TASK BRIEF — All lines below must be repeated exactly, with the pictures omitted.

Image-text web data:
══════════

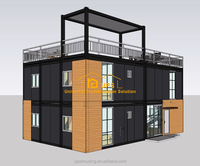 2026 UPS Nueva Tecnología Proyecto Rápido Construcción Contenedores Prefabricados Tipo Villa con Paneles Sándwich Planos de Casas Modernas Prefabricadas para Inmobiliarias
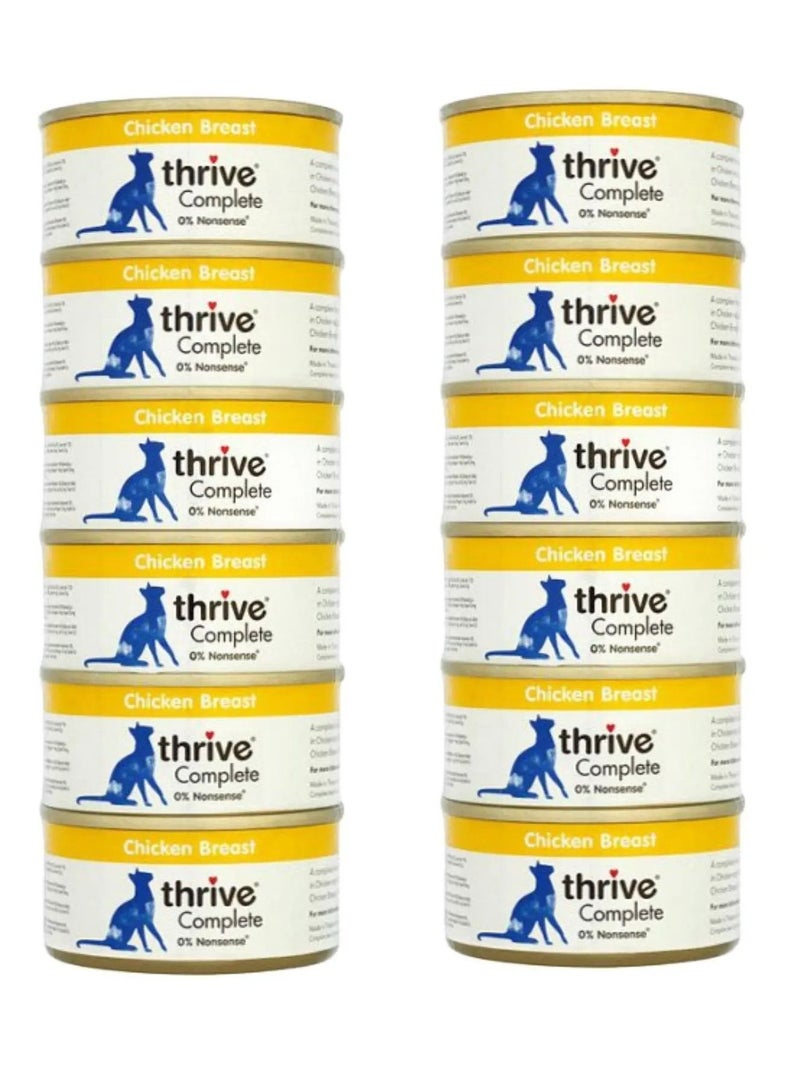 THRIVE 12 Piece Chicken Cat Wet Food 75g - Image 1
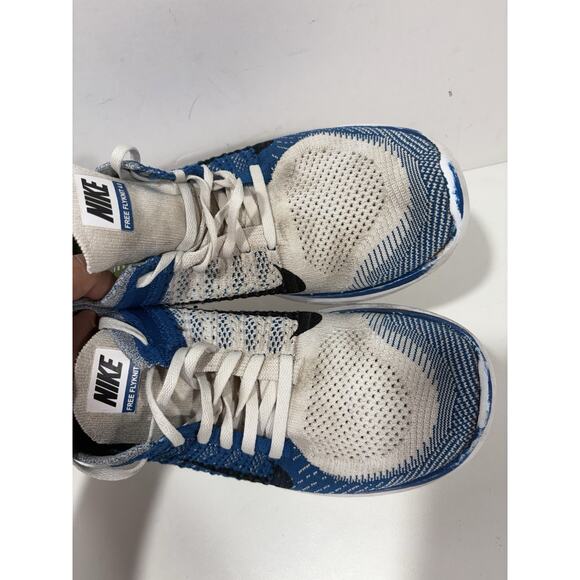 Nike Free 4.0 Flyknit Running Shoes - 631053-104 - Military Blue / White - Sz 10 main image 7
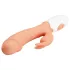 Pretty Love Easter Bunny - klitorisvibrator med arm - silikone - natur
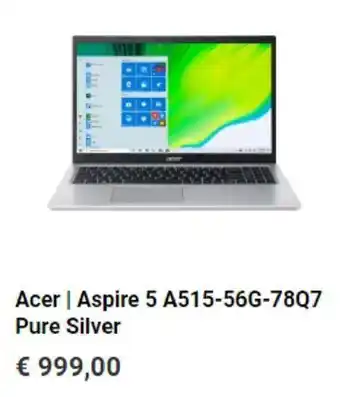 Krëfel Acer | Aspire 5 A515-56G-78Q7 Pure Silver aanbieding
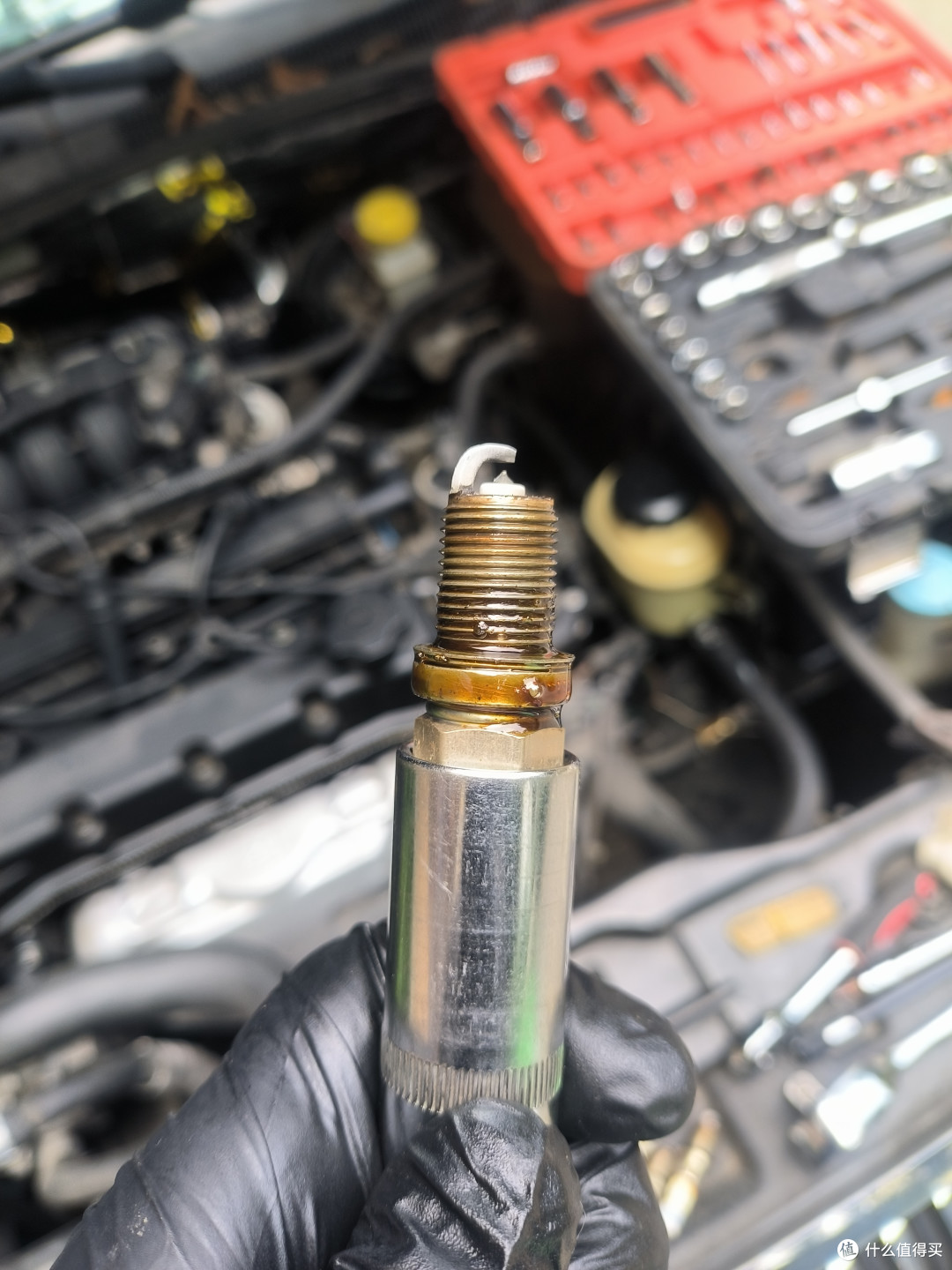 开始认真保养一辆老车2011款别克凯越篇七换火花塞顺便看看缸内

══════════

THE ANSWER —
 2026 UPS Nueva Tecnología Proyecto Rápido Construcción Contenedores Prefabricados Tipo Villa con Paneles Sándwich Planos de Casas Modernas Prefabricadas para Inmobiliarias
 THRIVE 12 Piece Chicken Cat Wet Food 75g - Image 1
 Nike Free 4.0 Flyknit Running Shoes - 631053-104 - Military Blue / White - Sz 10 main image 7
 Pretty Love Easter Bunny - klitorisvibrator med arm - silikone - natur
 Krëfel Acer | Aspire 5 A515-56G-78Q7 Pure Silver aanbieding
 开始认真保养一辆老车2011款别克凯越篇七换火花塞顺便看看缸内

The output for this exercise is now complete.